Erstmal möchte ich mich für die vielen informativen Threads bedanken, aus denen ich schon einige Informationen herausziehen konnte.


Zur Info:

Ich bin Nicht-Angler. 

Im Sommer gehts nach Schweden. Mein Reisepartner ist Angler. Allerdings ist er seit einiger Zeit dem Hobby nicht mehr nachgegangen, so dass wir beide kompl. neue Ausrüstung brauchen.

  In unserem See gibts laut Internetinfos vorrangig Hecht, Barsch, Quappe, Aal.

Uns interessiert das Spinnangeln auf Hecht und Barsch mit Blinkern, Spinnern, GuFi, KöFi, Wobblern. Dann wollen wir noch Texas und Carolina Rig ausprobieren und etwas Dropshotten.

Dafür bräuchte man theor. mehrere Ruten.

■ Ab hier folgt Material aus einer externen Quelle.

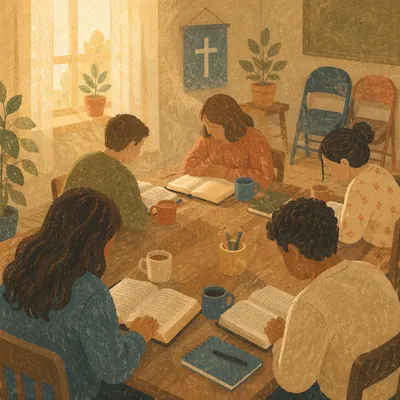 Warm Small Group Bible Study Gathering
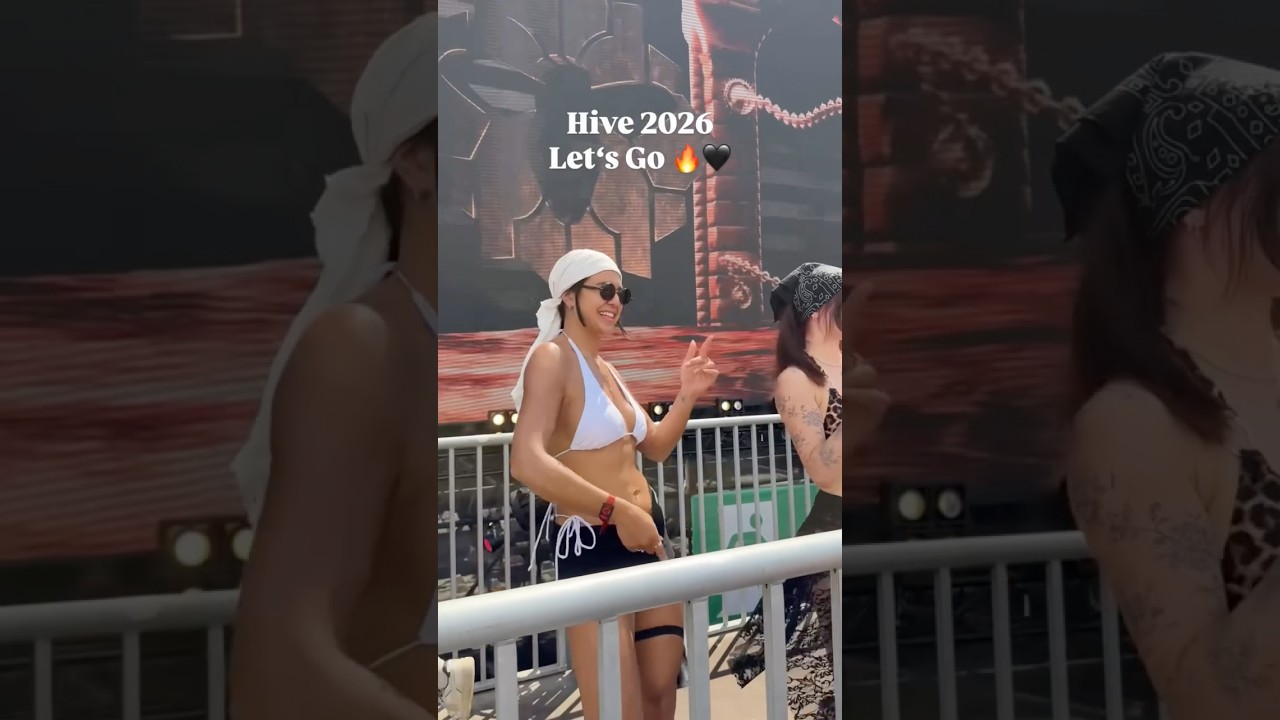 Rave girl at Hive Festival 2026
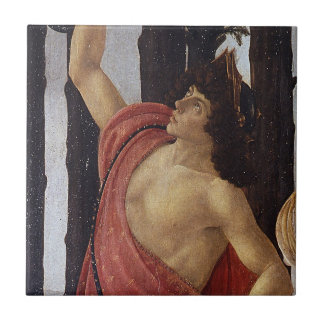 Primavera, Mercury detail by Sandro Botticelli Tile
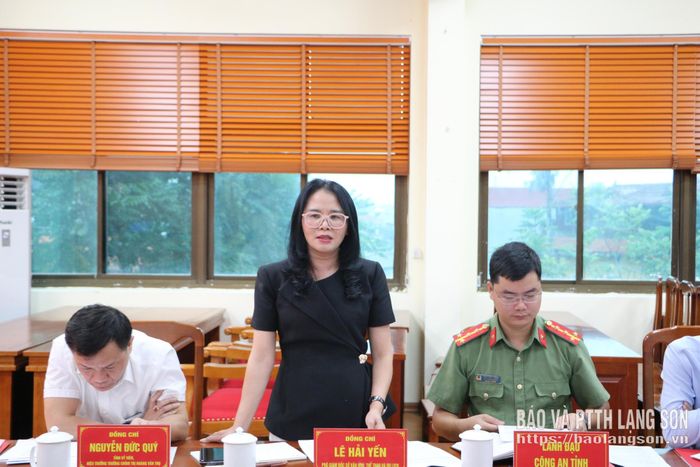 Lãnh đạo Sở Văn hóa, Thể thao và Du lịch phát biểu tại buổi kiểm tra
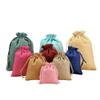 10pcs/lot Solid Color Drawstring Bag Suitable For Gift Bag Jewelry Cosmetics Wedding Packaging Bag(Sky blue) view 2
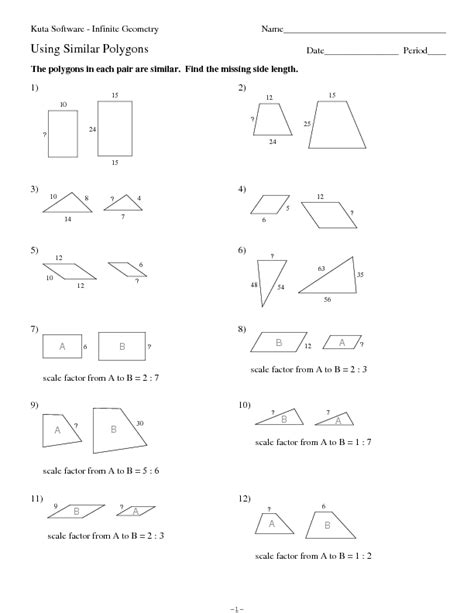 Geometry Polygons Worksheet Answer Key Pdf Mobinspire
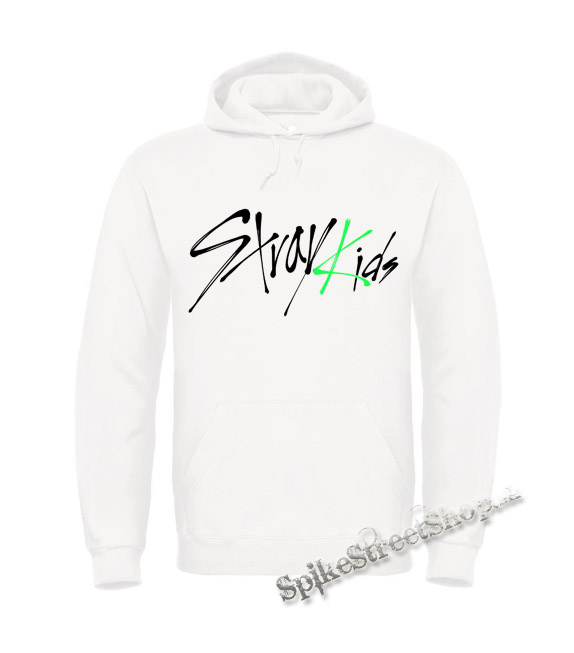 Biela detská mikina STRAY KIDS - Oddinary Green Logo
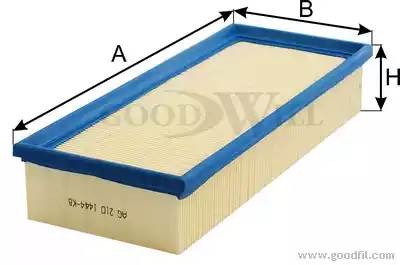 Фильтр воздушный AG 210 GOODWILL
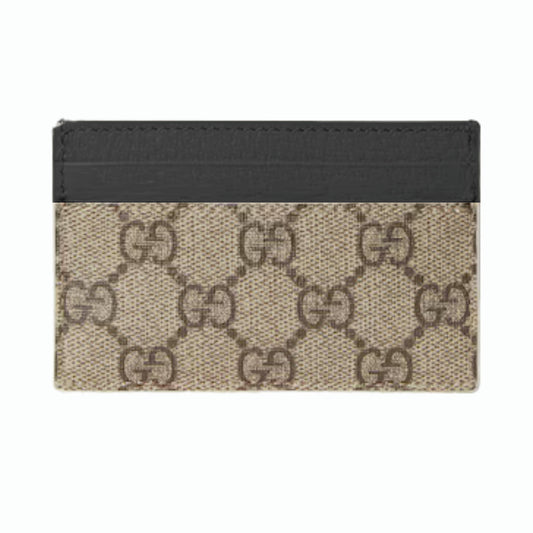 Gucci Porte-carte GG Beige Noir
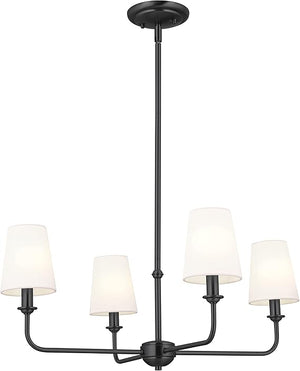 4-Light Mini Chandelier – Metal Ceiling Light Fixture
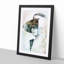 Audrey Hepburn Portrait in Abstract - Picture Frame Painting Print on MDF-55686898-55686899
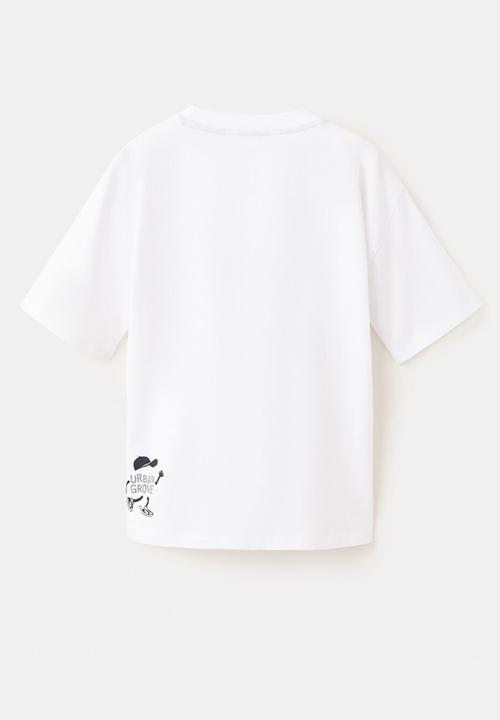 MANGO - T-Shirt NEWYORK - White
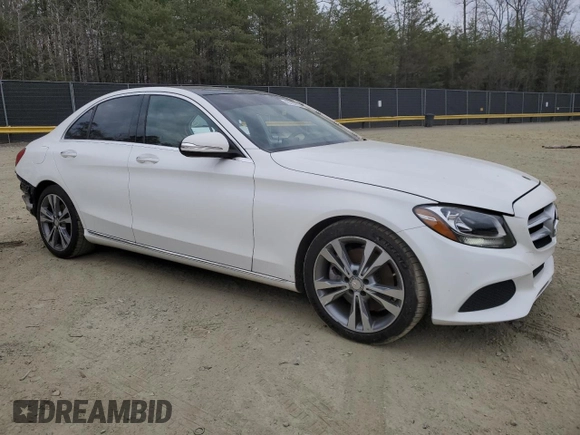 2015 Mercedes-Benz C 300 with VIN 55SWF4JB6FU056193, listed as a Copart auction lot 49263785 with 112,095 mi miles and Salvage Title. Bid and sale history available at DreamBid. Image 4.
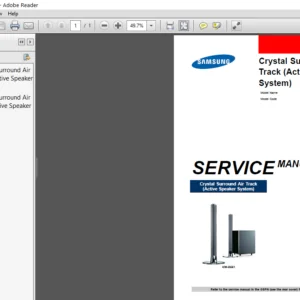 Samsung Hw e551 Service Manual Repair Guide - PDF DOWNLOAD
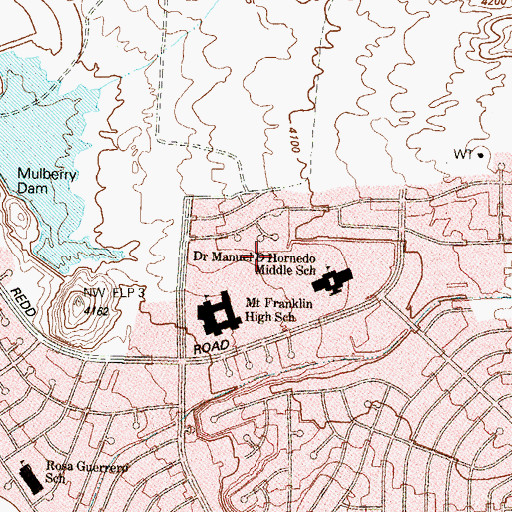 Topographic Map of Trinity Church of the Nazarene, TX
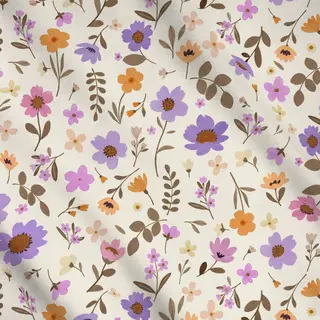 Meterware Frühlingsblumen bunt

Aber das Geld ist dafür nicht da. 

Ich habe also für mich folgendes zusammengestellt:

Rute: Daiwa Sweepfire Spin 2,40 10-40g Wg.
Rolle: Shakespeare Mach 2 XT 040

Das Problem: Die Rolle wiegt 360g, die Rute lediglich 160g. Ich habe die Befürchtung, dass das einfach nicht optimal passt (Balance etc.)

Ich könnte auch eine Abu Garcia Cardinal 304i nehmen. Die wiegt ca. 290g.

Was meint ihr? 

Ist die Rute "Allround-fähig"? Oder sollte ich bei Wg. etwas höher gehen (z.b. 20-60g)?

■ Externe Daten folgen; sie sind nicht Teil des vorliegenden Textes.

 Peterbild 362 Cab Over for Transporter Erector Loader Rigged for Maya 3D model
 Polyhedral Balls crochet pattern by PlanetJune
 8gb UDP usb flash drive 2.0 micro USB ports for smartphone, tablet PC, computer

Welche Rolle würdet ihr für die Rute wählen?

LG, Basti


----------



## Fragezeichen (10. Februar 2014)

*AW: Zusammenstellung Rute/Rolle für Spinnangeln - Gute Wahl?!*

Ganz ehrlich: um 1 Mal im Jahr für 1-2 Wochen zu angeln (oder halt 3-4 Wochen, haste nicht gesagt) kannste auf Balance pfeifen.

Zu Rute/Rolle an sich kann ich nix sagen, beide noch nie in der Hand gehabt.


----------



## acker (10. Februar 2014)

*AW: Zusammenstellung Rute/Rolle für Spinnangeln - Gute Wahl?!*

Zitat : "Uns interessiert das Spinnangeln auf Hecht und Barsch mit Blinkern,  Spinnern, GuFi, KöFi, Wobblern. Dann wollen wir noch Texas und Carolina  Rig ausprobieren und etwas Dropshotten."

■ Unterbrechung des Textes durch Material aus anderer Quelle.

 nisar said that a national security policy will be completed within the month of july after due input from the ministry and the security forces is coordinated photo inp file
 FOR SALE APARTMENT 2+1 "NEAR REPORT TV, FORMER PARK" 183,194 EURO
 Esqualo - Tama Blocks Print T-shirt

Das wird schwerlich möglich sein mit nur einer Rute, die Voraussetzungen an die Ruten sind einfach zu verschieden bei den Angelmethoden. 
Da Du auch noch ein unerfahrener Angler bist würde ich mich auf weniger Angelmethoden konzentrieren, auch schon des schnöden Mammons wegen . 5 Blinker zu 5 Euro , 5 Spinner zu 4 Euro , 10 Gufis + Kopf zu ~ 1,2 Euro , 4 Wobbler zu 10 Euro + ,.... Da kommt einiges zusammen ! 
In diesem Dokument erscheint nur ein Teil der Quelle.